▶ [DATASET CONTENT]

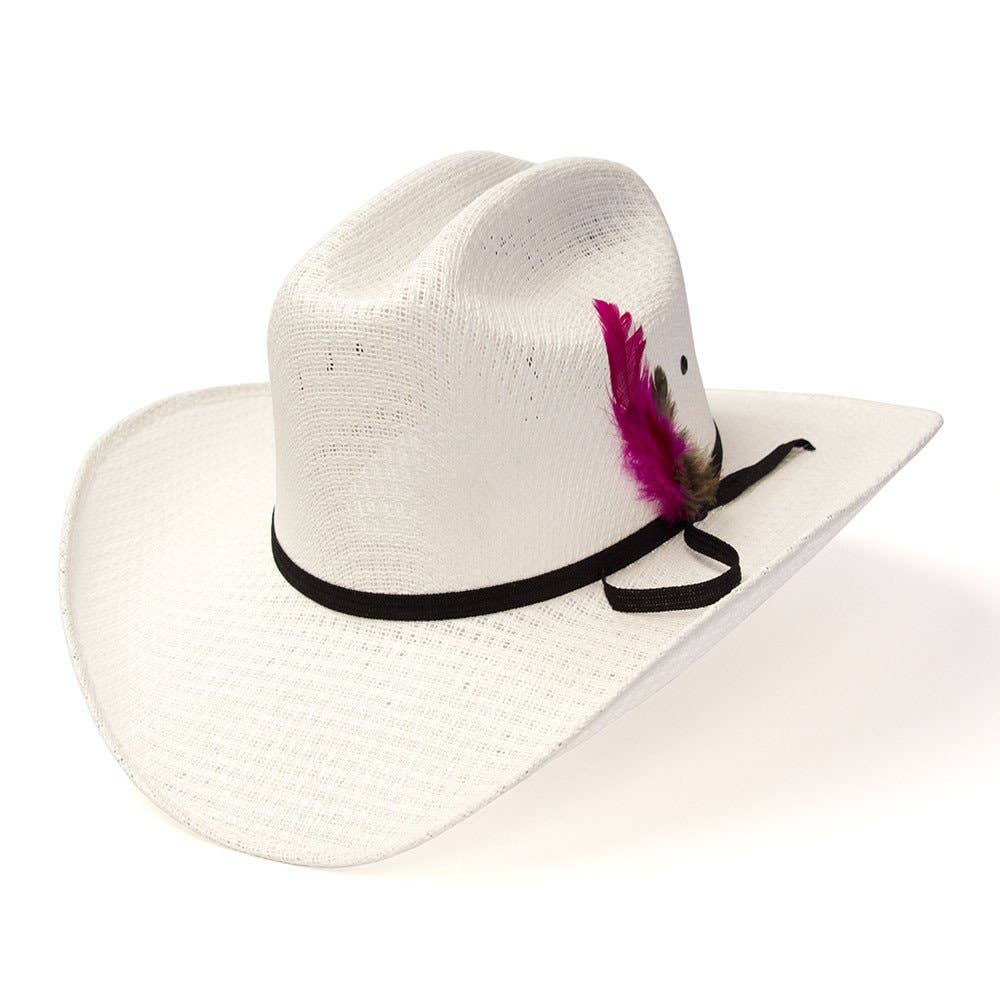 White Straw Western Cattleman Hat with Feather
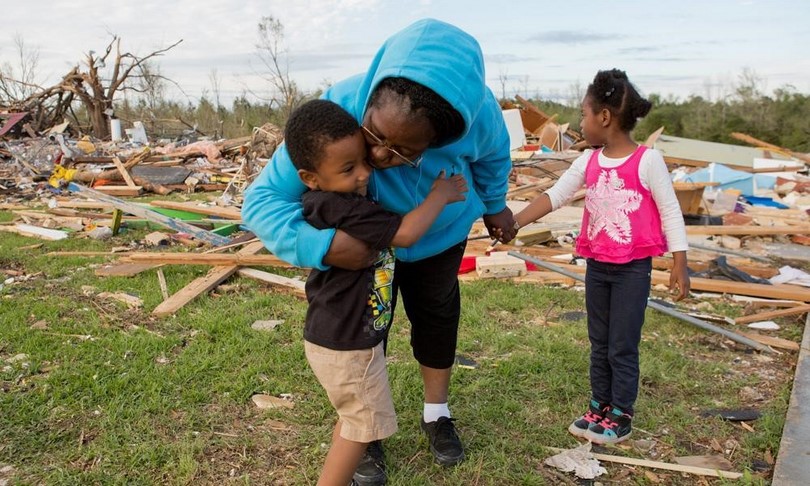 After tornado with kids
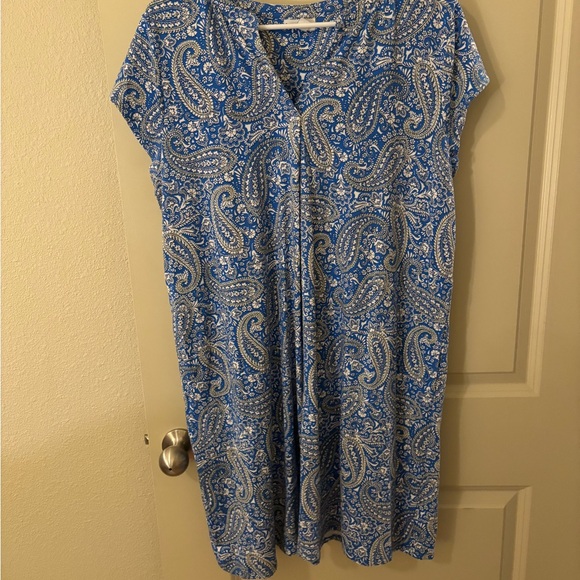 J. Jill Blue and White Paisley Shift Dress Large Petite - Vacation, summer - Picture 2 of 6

▶ [BRIEF]
Write out the whole listing exactly. Do not include the pictures.

▶ [SOLVED PROBLEM]
 White Straw Western Cattleman Hat with Feather
 After tornado with kids
 J. Jill Blue and White Paisley Shift Dress Large Petite - Vacation, summer - Picture 2 of 6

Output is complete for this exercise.